▶ [TASK TO COMPLETE]: Write out the data below exactly, from its first line to the line containing "White Russian Blue", that line included.

[Collected data entries]
BEGIN

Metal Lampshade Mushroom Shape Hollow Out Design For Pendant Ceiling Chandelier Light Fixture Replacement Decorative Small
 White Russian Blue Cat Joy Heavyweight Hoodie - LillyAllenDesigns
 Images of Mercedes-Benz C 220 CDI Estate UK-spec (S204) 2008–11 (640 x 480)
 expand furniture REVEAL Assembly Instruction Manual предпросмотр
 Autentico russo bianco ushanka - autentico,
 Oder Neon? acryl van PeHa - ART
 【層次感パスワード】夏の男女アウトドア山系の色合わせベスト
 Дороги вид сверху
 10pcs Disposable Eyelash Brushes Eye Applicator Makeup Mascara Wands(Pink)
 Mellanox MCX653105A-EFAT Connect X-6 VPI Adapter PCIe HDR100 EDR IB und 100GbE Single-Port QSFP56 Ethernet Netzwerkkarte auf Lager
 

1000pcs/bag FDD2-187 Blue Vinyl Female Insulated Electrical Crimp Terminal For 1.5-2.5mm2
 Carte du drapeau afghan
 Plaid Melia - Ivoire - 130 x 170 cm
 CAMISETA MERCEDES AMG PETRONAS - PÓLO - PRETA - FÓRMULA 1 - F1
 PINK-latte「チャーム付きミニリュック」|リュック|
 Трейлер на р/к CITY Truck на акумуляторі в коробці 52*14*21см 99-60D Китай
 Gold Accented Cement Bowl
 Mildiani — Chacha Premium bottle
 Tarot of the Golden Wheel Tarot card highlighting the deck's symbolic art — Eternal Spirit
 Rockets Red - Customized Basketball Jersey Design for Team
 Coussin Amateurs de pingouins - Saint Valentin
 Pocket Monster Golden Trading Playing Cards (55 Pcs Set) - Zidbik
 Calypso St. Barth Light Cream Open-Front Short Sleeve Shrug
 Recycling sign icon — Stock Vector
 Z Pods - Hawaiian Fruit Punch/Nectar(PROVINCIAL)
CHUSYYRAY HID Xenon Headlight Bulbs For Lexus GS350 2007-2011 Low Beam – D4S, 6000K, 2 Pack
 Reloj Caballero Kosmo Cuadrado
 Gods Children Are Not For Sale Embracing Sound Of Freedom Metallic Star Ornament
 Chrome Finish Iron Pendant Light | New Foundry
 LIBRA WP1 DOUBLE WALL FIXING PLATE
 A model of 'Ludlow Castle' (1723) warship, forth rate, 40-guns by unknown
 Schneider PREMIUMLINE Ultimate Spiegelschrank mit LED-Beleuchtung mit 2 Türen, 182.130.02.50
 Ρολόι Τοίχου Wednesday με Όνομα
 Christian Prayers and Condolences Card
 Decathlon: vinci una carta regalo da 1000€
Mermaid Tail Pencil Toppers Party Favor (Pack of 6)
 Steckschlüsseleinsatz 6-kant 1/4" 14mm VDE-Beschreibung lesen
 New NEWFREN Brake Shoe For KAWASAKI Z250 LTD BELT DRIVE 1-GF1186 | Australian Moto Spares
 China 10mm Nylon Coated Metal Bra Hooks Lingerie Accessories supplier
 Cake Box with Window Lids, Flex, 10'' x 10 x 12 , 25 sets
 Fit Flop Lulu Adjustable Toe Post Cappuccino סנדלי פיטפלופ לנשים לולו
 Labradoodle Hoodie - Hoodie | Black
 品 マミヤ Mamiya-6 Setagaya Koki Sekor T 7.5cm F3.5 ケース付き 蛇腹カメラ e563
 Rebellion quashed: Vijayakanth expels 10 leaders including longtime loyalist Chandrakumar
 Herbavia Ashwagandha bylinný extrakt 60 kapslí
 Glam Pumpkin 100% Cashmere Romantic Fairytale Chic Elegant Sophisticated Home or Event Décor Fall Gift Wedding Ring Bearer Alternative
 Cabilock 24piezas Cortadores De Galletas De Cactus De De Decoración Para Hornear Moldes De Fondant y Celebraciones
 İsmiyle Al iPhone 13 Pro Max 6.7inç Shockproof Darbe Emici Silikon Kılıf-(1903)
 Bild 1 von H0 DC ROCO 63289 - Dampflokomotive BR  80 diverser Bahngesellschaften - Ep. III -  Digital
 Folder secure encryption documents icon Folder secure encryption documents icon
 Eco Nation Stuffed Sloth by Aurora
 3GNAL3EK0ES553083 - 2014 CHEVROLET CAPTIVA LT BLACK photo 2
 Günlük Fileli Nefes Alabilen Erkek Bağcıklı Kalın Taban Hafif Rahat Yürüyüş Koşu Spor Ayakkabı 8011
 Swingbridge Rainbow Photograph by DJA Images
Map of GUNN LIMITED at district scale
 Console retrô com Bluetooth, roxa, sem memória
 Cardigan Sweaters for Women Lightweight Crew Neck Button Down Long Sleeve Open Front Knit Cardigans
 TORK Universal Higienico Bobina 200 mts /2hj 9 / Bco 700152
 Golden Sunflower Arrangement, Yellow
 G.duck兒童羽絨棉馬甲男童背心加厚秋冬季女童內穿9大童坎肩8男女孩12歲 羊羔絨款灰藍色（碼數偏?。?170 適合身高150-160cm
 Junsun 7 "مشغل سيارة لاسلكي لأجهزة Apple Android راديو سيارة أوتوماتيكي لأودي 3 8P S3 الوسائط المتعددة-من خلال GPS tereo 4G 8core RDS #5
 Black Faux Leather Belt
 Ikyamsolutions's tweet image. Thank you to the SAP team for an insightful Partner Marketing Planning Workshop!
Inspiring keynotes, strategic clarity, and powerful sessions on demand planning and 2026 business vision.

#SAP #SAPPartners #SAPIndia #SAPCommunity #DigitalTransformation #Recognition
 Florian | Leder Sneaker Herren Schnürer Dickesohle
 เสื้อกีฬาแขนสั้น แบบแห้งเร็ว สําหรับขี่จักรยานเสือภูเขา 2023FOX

END

▶ [SOLUTION TO THE PROBLEM]:
Metal Lampshade Mushroom Shape Hollow Out Design For Pendant Ceiling Chandelier Light Fixture Replacement Decorative Small
 White Russian Blue Cat Joy Heavyweight Hoodie - LillyAllenDesigns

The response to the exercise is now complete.